Suaramuslim.net – Dalam genggaman kekuasaan yang tidak begitu tertarik menjaga keperluan umat Islam (agama, nyawa, akal, keturunan, harta benda), seorang muslim akan mudah untuk menyangka tidak-tidak pada perilaku pada pejabat. Kebebasan, keadilan, dan kemaslahatan di naungan kekuasaan yang tidak dirasakan betul-betul terjaga, akan rentan memunculkan sikap curiga dan prasangka pada kekuasaan, aparatur, dan pendukungnya. Apalagi bila mereka bergeming dengan kekeliruan dan ngotot merasa benar setelah dikritik muslimin. Akan kian mantap label “musuh Islam” pada jajaran yang memegang amanah.
Padahal, ada kalanya kekeliruan dan kesalahan yang diperbuat jejaring kekuasaan, juga sang penguasa tertinggi sekalipun, hanya manusiawi. Bukan kesengajaan atau benar-benar ingin memperbuatnya. Apatah lagi dalam kerangka melecehkan Islam. Jangankan melecehkan, tebersit bersalah pun tidak ada. Ini fenomena kebodohan dan ketertinggalan ilmu saja. Semisal kesulitan melafal ayat Al Quran dengan tepat sesuai tajwid. Semestinya ini dimaklumi sebagai sebuah gejala biasa yang dalam kehidupan sehari-hari sering ditemukan. Terutama di daerah-daerah tertentu.

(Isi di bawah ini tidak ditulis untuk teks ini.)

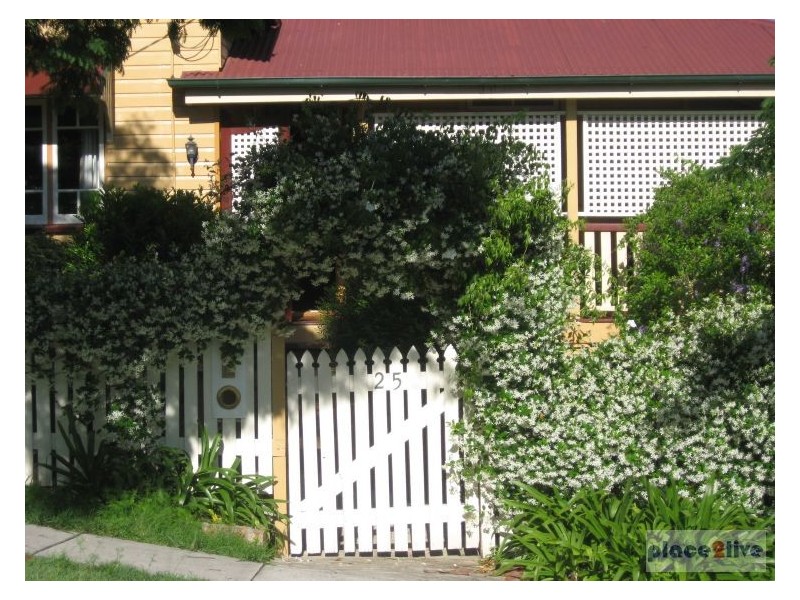 25 Barton Street, Bardon QLD 4065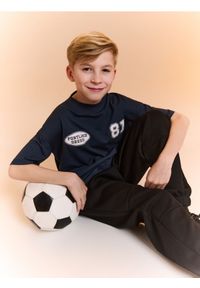 Sinsay - Spodnie dresowe loose - czarny. Kolor: czarny. Materiał: dresówka #1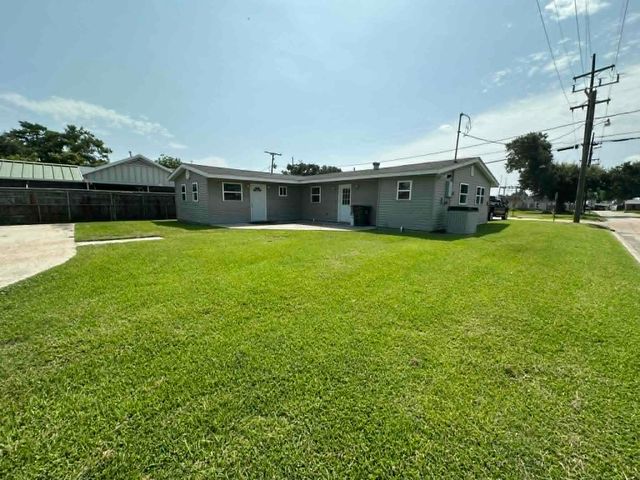 205 Allen, Houma, LA 70363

Tapi yang berlaku dan berkembang kemudian adalah “politisasi” kesalahan. Bahkan, tak jarang muslimin jatuh ke sikap berlebih-lebihan: memperolok pelaku yang kebetulan berposisi penguasa tak becus menjaga amanat umat. Ketidaksukaan kita pada kebijakan dan integritas pelaku kekeliruan, kita jatuhkan sebagai identitas dan tindakan yang seakan-akan amat fatal bagi agama kita. Nyatanya, pelakunya hanya—sekali lagi—jahil dan terbatas. Sontak saja, serangan dan kritikan kepadanya menyulut dendam di kubu “lawan”. Mencari-cari kekeliruan “remeh-temeh”, alias patut dipermaklumi, terus berkelindan.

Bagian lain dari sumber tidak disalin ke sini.